There was also a particularly solid lineup of IPA's by Tampa Bay's newest home brew guild, the Suncoast Barley Mashers, which made its public debut at the fest. Note that Suncoast Barley Mashers is a guild, not a club. These are some serious home brewers with serious intent. They want to learn from each other and spread their knowledge, the rookies learning from the veterans. With only nine charter members, it's a small but strong group that includes Bob Bridges, who has won numerous state and national awards. Bridges made a nice strawberry beer, his wife brewed an interesting spice orange concoction, and Vinnie Giordano brought a well-balanced wheat. There were nine in all and there wasn't a drop left at the end of the event.
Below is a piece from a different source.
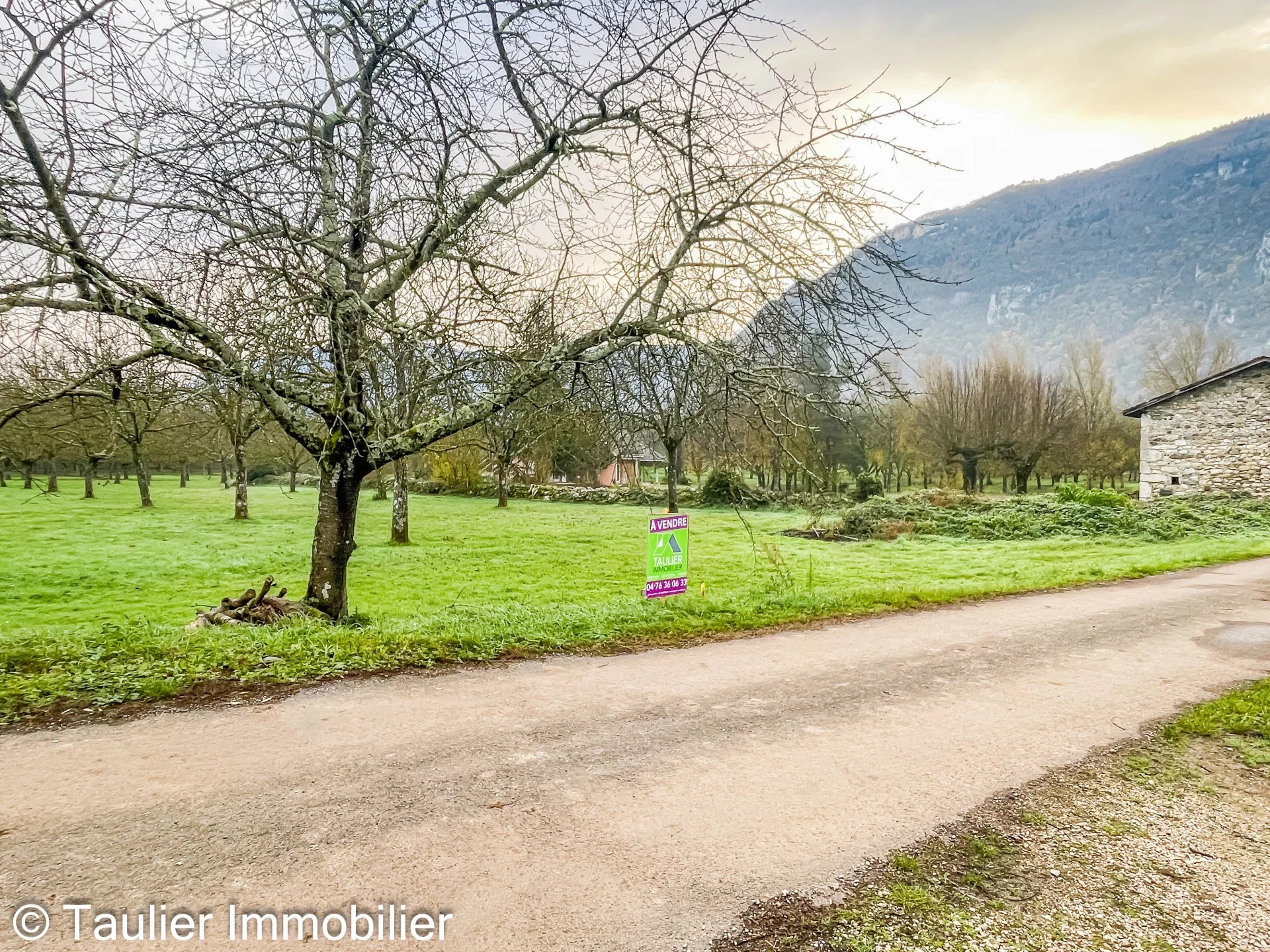 Terrain à bâtir 1400m², libre constructeur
The Mashers are an offshoot of the Pinellas Urban Brewers Guild, founded by Greg Rapp, and it's likely you'll be hearing a lot more from these folks. Home brewers are the foundation of the local craft beer scene, experimenting with different styles, and supporting local breweries, festivals and craft-beer pubs with enthusiasm.
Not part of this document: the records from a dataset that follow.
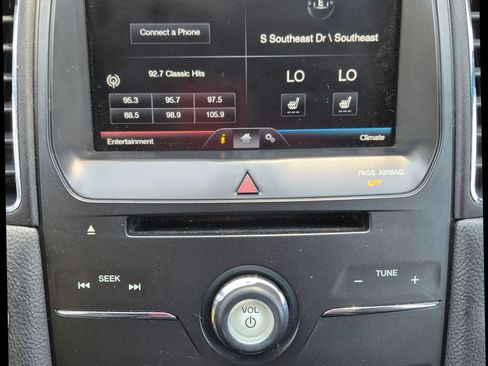 Used 2014 Ford Taurus SEL w/ Equipment Group 201A FWD image 21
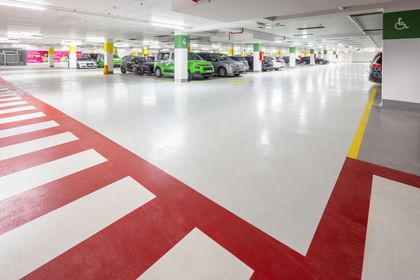 Roter Zebrastreifen und parkende Autos in der Parkgarage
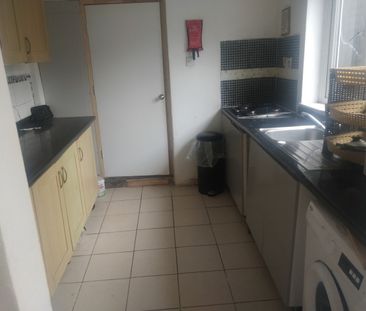 Room in a Shared House, Selby Road, E13 - Photo 5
Still, there was a big draw for the myriad offerings from the booming number of local breweries like Rapp Brewing — Rapp was still a home brewer planning to turn pro at this time last year. Justin Stange, head brewer and co-owner of 7venth Sun, said these local concoctions are the biggest change in the evolution of the IPA fest.
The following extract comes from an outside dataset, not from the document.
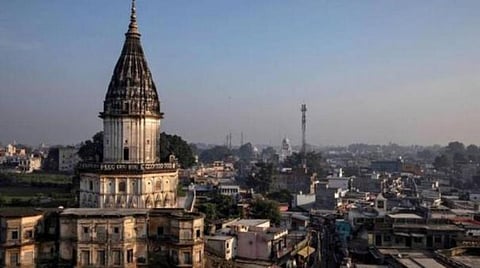 அயோத்தி வரும் பக்தர்கள் எண்ணிக்கை உயர்வு; சரயூ நதியில் நாளை 5 லட்சம் பேர் புனித நீராடல்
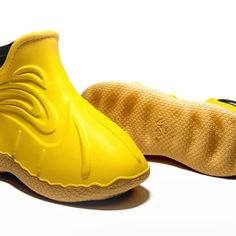 The Yellow Duck Boot Was Co-Created By Nle Choppa And Fctry Lab Founder & Former Yeezy Innovation Head Omar Bailey. Fctry Lab’s Duck Boot Takes A Familiar Shoe Concept And Turns It On Its Head, Creating A Dynamic And Unique Silhouette Making A Bold Statement In Footwear Fashion. Sizing: - The Duck Boot Is A Unisex Silhouette In Men’s Sizes. - For Men's Half Sizes, Please Select The Next Full Size Up. - For Women's Sizing, Please Reference Chart For Conversions. - You May Insert Insoles If Necess Shoe Concept, Nle Choppa, Footwear Fashion, Duck Boot, Reference Chart, Yellow Duck, Seasons Of The Year, The Duck, Duck Boots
"Now we're getting a lot of fresh IPA's,'' Stange said, "beer from within a few miles from here."
That includes 7venth Sun, which opened at the beginning of last year just a couple blocks from Dunedin Brewery, Florida's oldest craft brewery.
If you attended the fest, then you know about the IPA pairings that were offered. My favorite pairing of the night was Dunedin's American Classic with 7venth Sun's Summer Camp, the latter is the second in a series of summer session IPA's made with citra and galaxy hops and house yeast. At 3.8 percent, it had a dry finish that paired well with the hoppier, slightly sweeter American Classic.
Sure, there were some out of town IPA's, too, including Sweewater, Stone, Terrapin and Ballast Point. But you can't try everything — OK, I can't try everything — so I stuck with the local stuff.
Another change in the fest was the addition of fans of Dopapod, the funky, jazzy, prog-electronica rock outfit that drew plenty of young non-beer-geeks to liven up the atmosphere. See Nicole Abbett's review and photos here. And those beer geeks who were not Dopapod fans? They jammed too, especially when the sky opened up with a deluge of rain that had nearly everyone crowded inside for cover.
But if you're going to be trapped by a deluge, a beer fest with great music isn't a bad place to be.